-- TASK TO CARRY OUT --
Print, with no pictures, the exact lines that run from the one containing "All right, so" through the last line of the material below, both ends included.

※

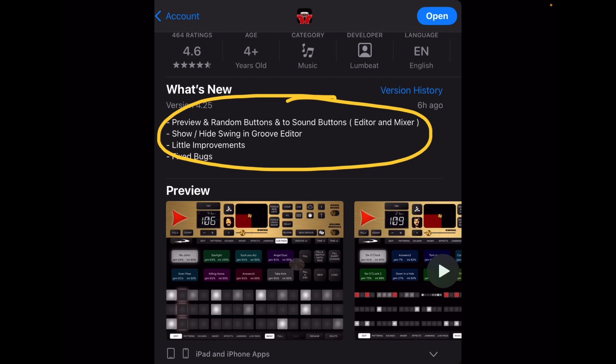So if you read the description here, you'll notice it says preview random buttons and two sound buttons, and show, hide, swing, and groove editor. I'm going to show you what I found out about those, because it took me a little looking around to figure out what those meant. And if you know more, feel free to comment, or maybe the dev will fill us in if I've missed something. So let's dive right in.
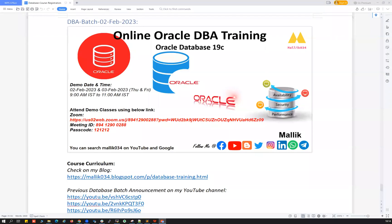Hello everyone, good morning and good evening. I'm here with a quick announcement on my upcoming database course. Starting from 2nd February 2023, I'm going to be starting a new DBA batch. This is purely on Oracle Database 19c version. We have completed so many batches so far and I'm super excited to start this new batch.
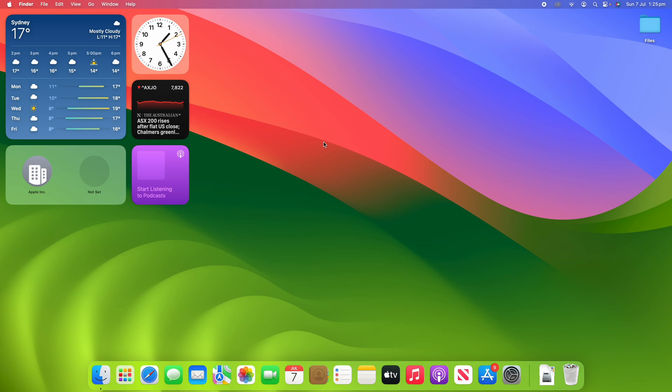All right, so for this process to work, you do need to be running macOS Sonoma or later, as this feature was introduced with macOS Sonoma.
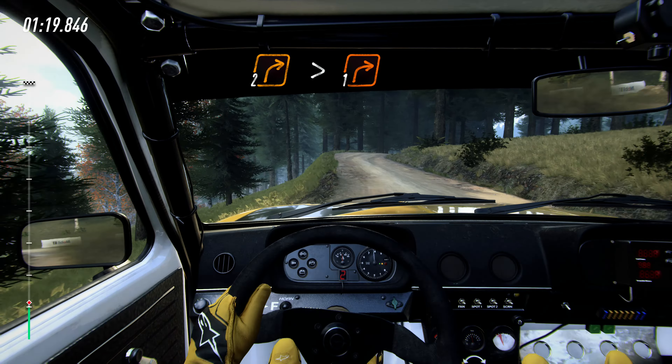Tightens, hip in right long, 50, flat right, 60, 4 left, very long, over crest, 30, short 5 left, into short 6 right, flat left, 60, 4 left long.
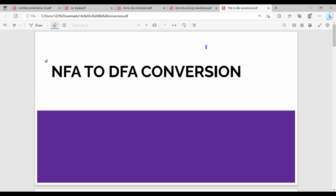Hi friends, in this video we have a continuation of the previous video. In the previous video we had a conversation about NFA to DFA. In the semester we have 13 marks. 13 marks is a direct question, it is very easy.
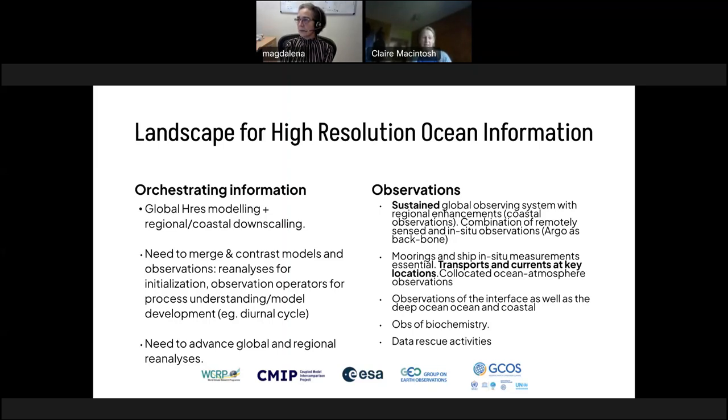There is an urgent need to advance global and regional reanalyses, both ocean reanalyses and coupled reanalyses.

※

-- WORKED SOLUTION --
All right, so for this process to work, you do need to be running macOS Sonoma or later, as this feature was introduced with macOS Sonoma.
Tightens, hip in right long, 50, flat right, 60, 4 left, very long, over crest, 30, short 5 left, into short 6 right, flat left, 60, 4 left long.
Hi friends, in this video we have a continuation of the previous video. In the previous video we had a conversation about NFA to DFA. In the semester we have 13 marks. 13 marks is a direct question, it is very easy.
There is an urgent need to advance global and regional reanalyses, both ocean reanalyses and coupled reanalyses.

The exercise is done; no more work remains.